# [Work to complete]
A stretch of the entries below is to be set down exactly, running from the line with "Ellis, T - The" through the line with "Pepperidge Farm Remembers Meme", both included, and no other line.

(Material provided begins)

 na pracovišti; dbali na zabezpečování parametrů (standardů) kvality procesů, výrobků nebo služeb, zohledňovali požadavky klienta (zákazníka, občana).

(Material provided ends)
(Material provided begins)

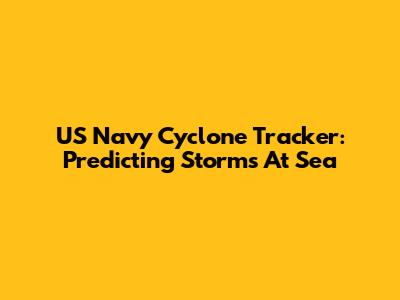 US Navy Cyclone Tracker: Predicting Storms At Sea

(Material provided ends)
(Material provided begins)

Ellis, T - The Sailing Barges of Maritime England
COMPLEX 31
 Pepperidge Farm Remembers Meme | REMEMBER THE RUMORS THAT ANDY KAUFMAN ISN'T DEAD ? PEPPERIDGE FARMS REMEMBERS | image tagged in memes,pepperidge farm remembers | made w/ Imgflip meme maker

(Material provided ends)

# [Solution to this task]
Ellis, T - The Sailing Barges of Maritime England
COMPLEX 31
 Pepperidge Farm Remembers Meme | REMEMBER THE RUMORS THAT ANDY KAUFMAN ISN'T DEAD ? PEPPERIDGE FARMS REMEMBERS | image tagged in memes,pepperidge farm remembers | made w/ Imgflip meme maker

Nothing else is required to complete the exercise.